Industry veterans say that the salmon farming industry practice of adopting state-of-the art technology to clean pen nets in B.C. is among the world’s best
Two of Canada’s leading experts on aquaculture engineering say it’s highly unlikely that the net collapse of a salmon farm in Washington State, can happen in British Columbia.
The industry veterans said that regular net cleaning measures, solid engineering with huge margins for impacts by tidal variance and the salmon farming’s industry practice of adopting state-of-the art technology to clean nets, makes what happened in Washington state an “unlikely event” in BC.
Washington state officials this week cancelled a lease with Cooke Aquaculture Pacific at the site where net pens holding farmed Atlantic salmon collapsed last summer, releasing tens of thousands non-native fish into Puget Sound, local media reported.
The Canada-based company was found negligent for failing to adequately clean its nets, and investigators said that directly contributed to the net-pen failure in August at the facility. They found that the nets failed because they were excessively laden with mussels and other marine organisms. That increased the drag on the nets from tidal currents and overwhelmed the mooring system.
Cooke has criticized the state’s investigation as incomplete and inaccurate. The company disputed the report’s findings, including its accounting of fish, according to CBC.
The incident is being used by the anti- fish farming lobby to push for a ban on ocean pens in the Pacific Northwest, including in BC.
“I can’t comment on what went on down there but I can tell you that the systems in place here and measures taken at BC fish farms almost negate the chances of a net collapse in BC waters,” said Kevin Onclin, who operates Badinotti Net Services on Vancouver Island.
Onclin said the robust engineering standards for the ocean pens used here are among the most stringent in the world and the cleaning standards mirror that of the practice in Norway and Scotland.
“Nets here are cleaned as often as once every two weeks or three times a month depending on the season,” said Onclin, whose specialized business of cleaning fish farm nets has been in operation for the last 30 years.

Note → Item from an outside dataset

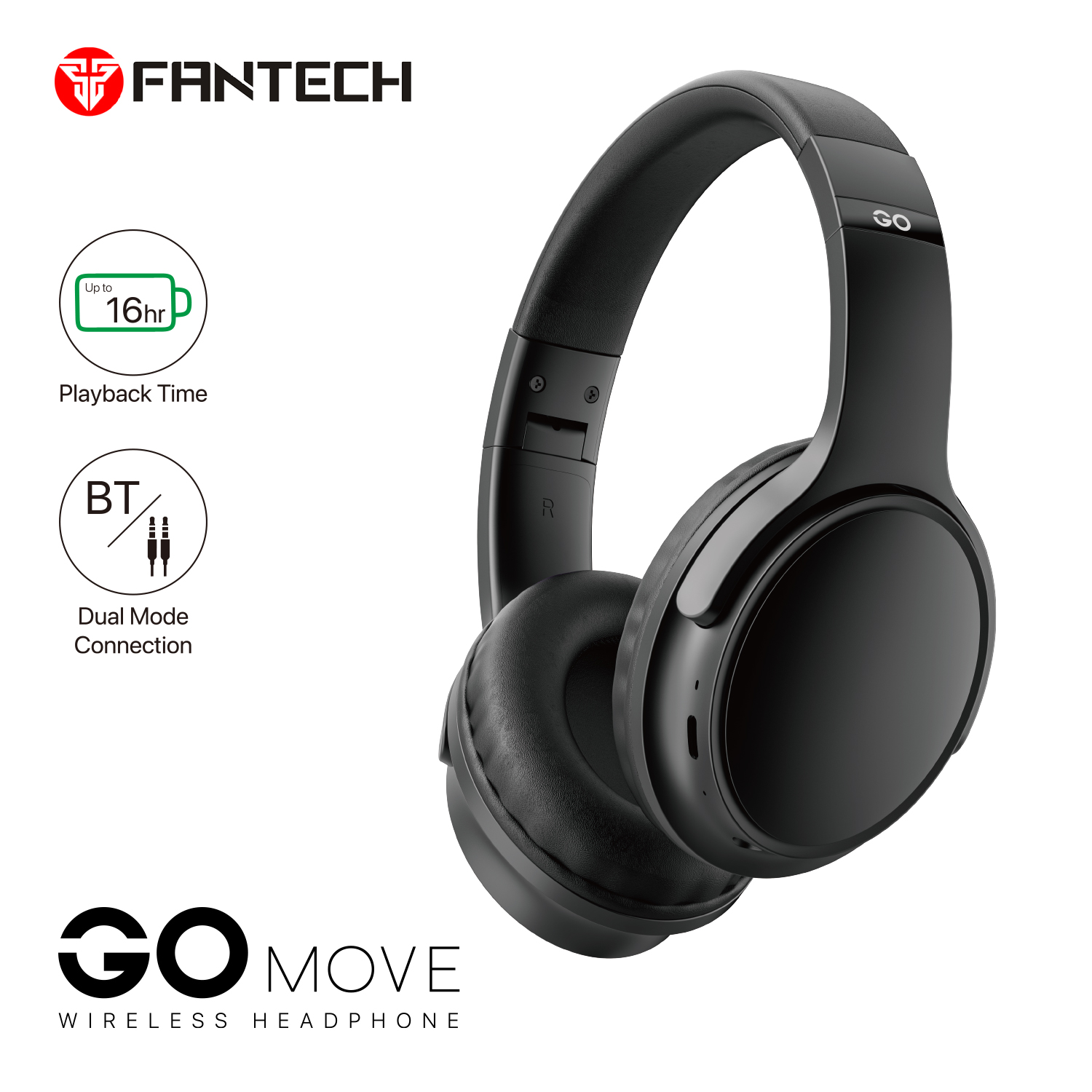 Picture of FANTECH WH03 GO MOVE WIRELESS BLUETOOTH HEADPHONE BTA 5.0 And 3.5mm Dual Mode Connection 40mm Driver 16 Hours Playback Time For Gaming Gamers Headset.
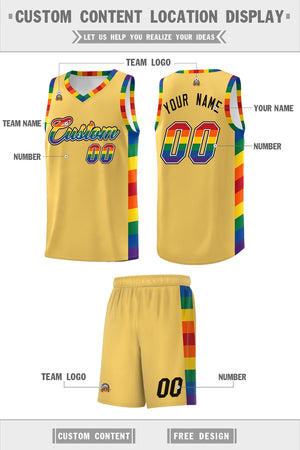 Custom Old Gold LGBT Rainbow For Pride Month Sports Uniform Basketball Jersey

“I work with virtually all the fish farms and I can tell you that they all know clean nets equals healthy fish,” said Onclin, whose team uses remote-controlled underwater pressure washers or “net-cleaning robots” to strip nets of fouling material like algae and barnacles.
“The fish farm industry here in BC sets very high standards for itself, even more than what regulation requires,” said Onclin.
Marine engineer Matt Clarke of Poseidon Ocean Systems in Campbell River said it’s not in any farmer’s interest to have heavily fouled nets because it blocks good water flow which salmon need to thrive.
He said the engineering systems used on BC fish farms are robust enough to withstand collapse even if the nets are heavily fouled.
“The farms here have employed an anti-fouling regiment that is world class…given all things being equal, what happened in Washington, is an unlikely event here,” he said.
“We work with all of the major operations here and I’ve never seen a farm break up like it did down in Washington.”
Jeremy Dunn, the Executive director of the BC Salmon Farmers Association (BCSFA) said: “Our members have made significant investments in their operations over the past few years to ensure containment of fish, structural integrity of farm systems, and precisely engineered mooring.”
“Their record on minimizing fish escapes shows that these investments are paying off,” Dunn said.